The ever again strking aspect of this type of debate seems to me that Facebook is claimed by users (and critics) to make it the service they would like it to be. Don't get me wrong: I do fully subscribe to the fact that there are critics to the model, and am glad the debates don't slow down because I think it is important for deep thinking about technology and human interaction. But somehow it seems important to recall from time to time that we are talking here about a company, not a public service, with a vision, that we may or may not share.
Another aspect that strikes me is that the critics are mainly "auto-centered": concerned with what other will or may not see of them. Very few stress the fact that human (inter-)action serves (different) purposes and that we do need the other(s) to react to us.

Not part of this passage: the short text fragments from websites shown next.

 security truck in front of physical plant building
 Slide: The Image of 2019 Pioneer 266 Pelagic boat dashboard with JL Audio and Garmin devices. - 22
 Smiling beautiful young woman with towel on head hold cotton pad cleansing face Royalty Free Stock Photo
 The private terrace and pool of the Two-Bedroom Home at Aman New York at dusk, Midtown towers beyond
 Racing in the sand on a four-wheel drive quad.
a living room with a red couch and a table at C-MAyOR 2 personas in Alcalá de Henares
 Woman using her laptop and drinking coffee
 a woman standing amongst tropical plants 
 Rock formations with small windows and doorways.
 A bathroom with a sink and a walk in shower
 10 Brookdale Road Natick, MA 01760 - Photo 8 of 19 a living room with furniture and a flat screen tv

Disclosure on whatever scale is important with regards to the purposes of the action. The stress on"disclosure control" may obscure the expected purposes that everyone has.

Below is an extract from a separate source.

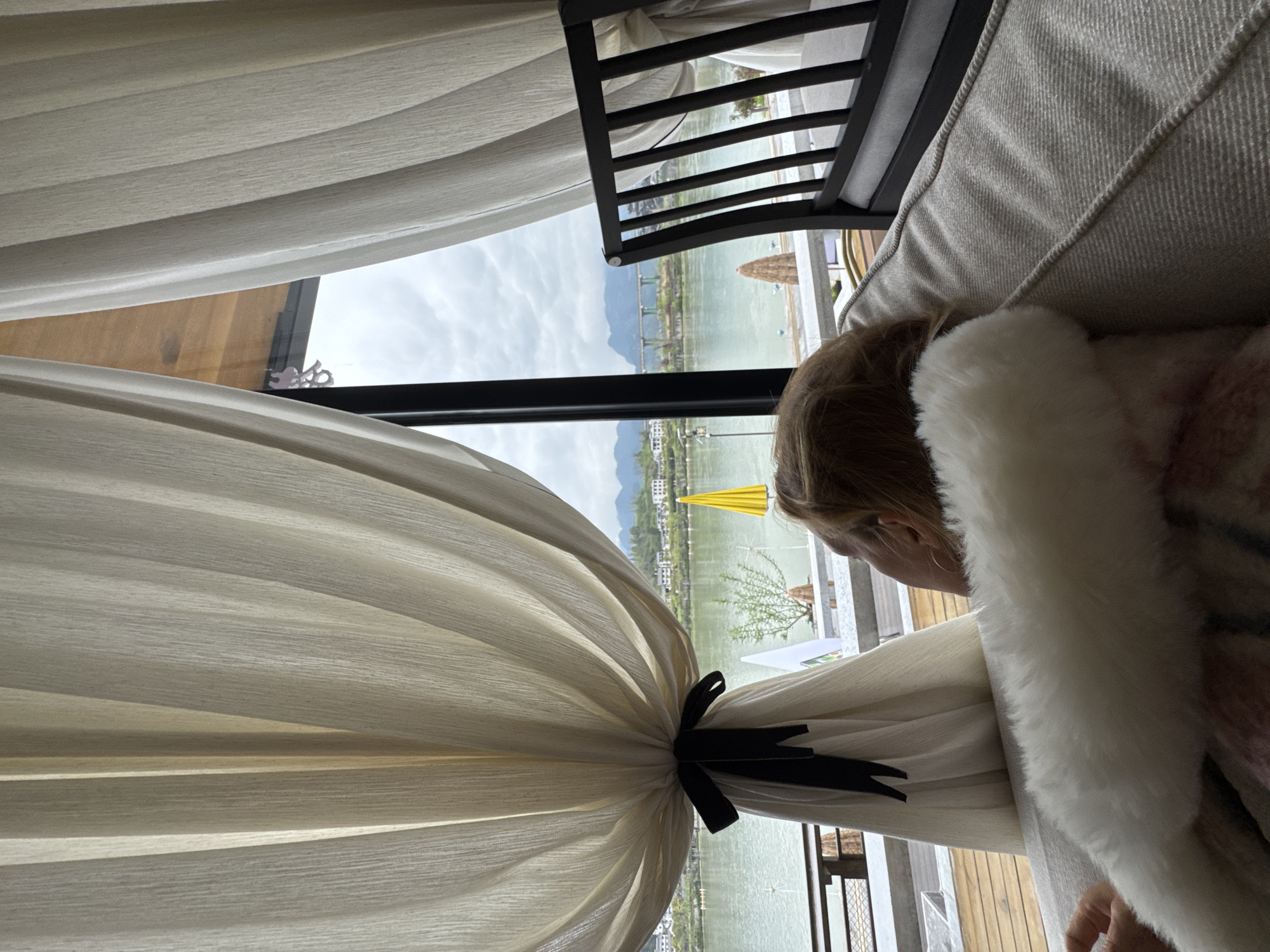 A view from inside a building with a window overlooking an outdoor scene in Zhuoshui, China. A light-skinned person is resting on a light-colored sofa or daybed inside, partially obscured by a white fur-trimmed garment. She has short blonde hair, and her ear is visible. A sheer, light-colored curtain, tied with a black ribbon, drapes across the left side of the frame and around the window. Outside, a body of water is visible, with a bridge spanning across it. Trees and buildings are present along the water's edge. A yellow umbrella is slightly to the right of the bridge, partly in the water and on the bank. Overcast conditions prevail, and mountains are visible in the distance. A dark-colored chair or structure with slats is positioned near the sofa.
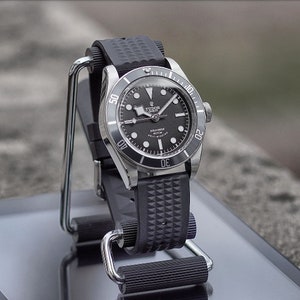 May include: A black and silver wristwatch with a black dial and a black rubber strap. The watch has a rotating bezel and is displayed on a silver stand. The watch face has white hour markers and hands.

"This is perhaps the most striking example of Facebook’s utter failure to understand how privacy works. I’ll grant that it is easier to find people if this information is public. And I’ll grant that many people will have a “less satisfying experience” if they don’t post photos or make connections. But, again, people used to have that choice. They could choose what to post to their profile and who can access it — they had control.
Now, it is all public. And if you have a problem with that, Facebook’s only response is essentially “don’t share it”.
To Facebook, privacy and control of information is a binary: either you share it with everyone, or you don’t share it at all. There’s no longer any space between these two poles, no way to control how these pieces of personal information are visible."